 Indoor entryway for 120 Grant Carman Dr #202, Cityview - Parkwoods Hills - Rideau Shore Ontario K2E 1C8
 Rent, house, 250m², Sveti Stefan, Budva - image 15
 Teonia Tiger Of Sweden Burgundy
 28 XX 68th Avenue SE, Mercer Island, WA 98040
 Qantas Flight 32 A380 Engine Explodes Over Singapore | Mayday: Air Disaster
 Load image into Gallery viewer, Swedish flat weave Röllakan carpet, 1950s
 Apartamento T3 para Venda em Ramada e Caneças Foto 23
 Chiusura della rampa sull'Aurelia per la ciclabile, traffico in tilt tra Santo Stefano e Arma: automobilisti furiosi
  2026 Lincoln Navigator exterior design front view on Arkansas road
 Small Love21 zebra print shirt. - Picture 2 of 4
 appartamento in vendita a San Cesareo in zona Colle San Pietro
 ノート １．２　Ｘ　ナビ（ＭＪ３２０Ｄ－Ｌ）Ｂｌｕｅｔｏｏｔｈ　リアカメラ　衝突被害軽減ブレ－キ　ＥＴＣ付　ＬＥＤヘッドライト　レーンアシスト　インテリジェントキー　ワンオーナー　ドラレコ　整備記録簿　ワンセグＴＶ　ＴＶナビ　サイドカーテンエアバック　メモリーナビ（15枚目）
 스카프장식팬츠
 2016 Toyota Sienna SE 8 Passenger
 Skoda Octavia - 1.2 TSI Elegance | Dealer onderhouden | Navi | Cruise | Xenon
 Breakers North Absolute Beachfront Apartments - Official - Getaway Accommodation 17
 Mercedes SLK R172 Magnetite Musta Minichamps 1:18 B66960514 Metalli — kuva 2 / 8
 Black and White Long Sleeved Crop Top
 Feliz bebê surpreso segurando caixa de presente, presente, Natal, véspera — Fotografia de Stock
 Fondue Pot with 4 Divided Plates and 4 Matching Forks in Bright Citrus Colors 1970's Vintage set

•••

● What is required
In how many lines of the entries does "image" appear? Reply with only the number.

● Problem solution
2